__Source data__.

◇ ◇ ◇ ◇ ◇

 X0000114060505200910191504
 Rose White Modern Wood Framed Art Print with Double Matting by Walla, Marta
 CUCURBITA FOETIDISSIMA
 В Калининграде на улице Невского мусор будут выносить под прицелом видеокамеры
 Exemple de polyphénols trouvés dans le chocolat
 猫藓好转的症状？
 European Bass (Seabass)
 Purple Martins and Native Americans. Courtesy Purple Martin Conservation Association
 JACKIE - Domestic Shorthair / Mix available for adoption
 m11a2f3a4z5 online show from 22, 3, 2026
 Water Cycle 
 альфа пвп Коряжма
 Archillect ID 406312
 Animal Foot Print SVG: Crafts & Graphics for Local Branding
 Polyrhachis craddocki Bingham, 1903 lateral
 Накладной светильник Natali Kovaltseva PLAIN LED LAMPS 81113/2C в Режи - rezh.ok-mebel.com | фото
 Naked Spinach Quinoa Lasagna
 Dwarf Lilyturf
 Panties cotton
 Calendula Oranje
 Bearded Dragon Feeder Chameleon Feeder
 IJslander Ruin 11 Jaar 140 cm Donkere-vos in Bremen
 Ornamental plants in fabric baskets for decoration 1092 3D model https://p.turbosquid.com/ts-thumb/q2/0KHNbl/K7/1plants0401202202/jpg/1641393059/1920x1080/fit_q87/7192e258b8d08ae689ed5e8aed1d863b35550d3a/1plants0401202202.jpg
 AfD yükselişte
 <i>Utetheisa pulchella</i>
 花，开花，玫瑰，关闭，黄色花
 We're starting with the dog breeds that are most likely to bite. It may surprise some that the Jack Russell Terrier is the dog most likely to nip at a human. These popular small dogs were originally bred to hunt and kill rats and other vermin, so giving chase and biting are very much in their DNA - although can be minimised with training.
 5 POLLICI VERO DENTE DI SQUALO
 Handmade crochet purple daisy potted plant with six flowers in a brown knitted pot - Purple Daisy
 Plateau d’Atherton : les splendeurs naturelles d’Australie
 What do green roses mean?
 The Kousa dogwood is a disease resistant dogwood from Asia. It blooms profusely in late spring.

◇ ◇ ◇ ◇ ◇

__What you are asked to do__. Write down again, exactly as given, only the lines above that fall from the line with "Archillect ID 406312" to the line with "IJslander Ruin 11", inclusive.

__Exercise answer__.
 Archillect ID 406312
 Animal Foot Print SVG: Crafts & Graphics for Local Branding
 Polyrhachis craddocki Bingham, 1903 lateral
 Накладной светильник Natali Kovaltseva PLAIN LED LAMPS 81113/2C в Режи - rezh.ok-mebel.com | фото
 Naked Spinach Quinoa Lasagna
 Dwarf Lilyturf
 Panties cotton
 Calendula Oranje
 Bearded Dragon Feeder Chameleon Feeder
 IJslander Ruin 11 Jaar 140 cm Donkere-vos in Bremen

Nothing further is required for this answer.